**Goal of the exercise**
Pictures do not belong in your copy. Repeat all the other data exactly.

**Dataset section**
>>>>>

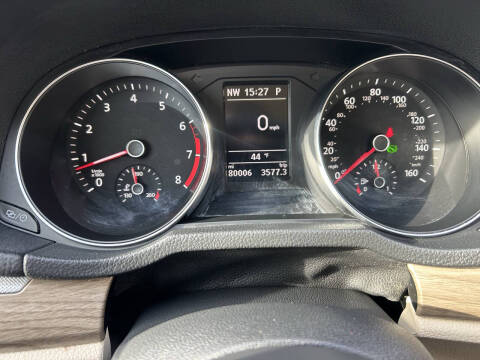 2016 Volkswagen Passat 1.8T SE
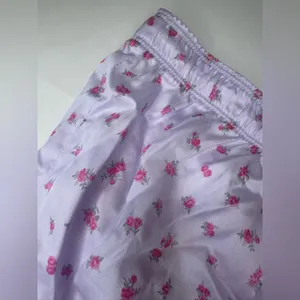 Victoria’s Secret PINK Nwt Large floral Leisure Shorts thumbnail 4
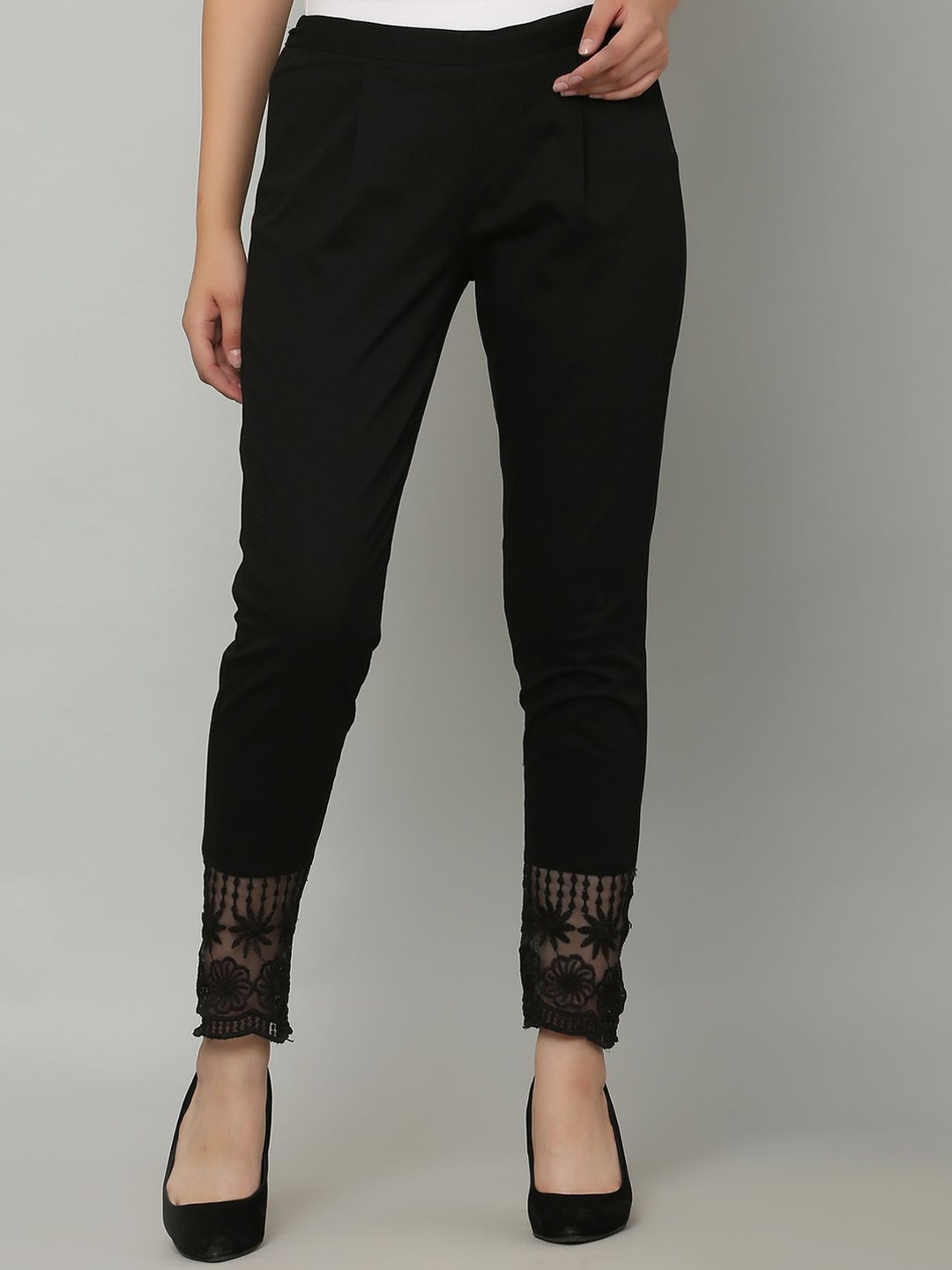 

Sellingsea Women Trousers, Black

<<<<<

**Reply**
 2016 Volkswagen Passat 1.8T SE
 Victoria’s Secret PINK Nwt Large floral Leisure Shorts thumbnail 4

Sellingsea Women Trousers, Black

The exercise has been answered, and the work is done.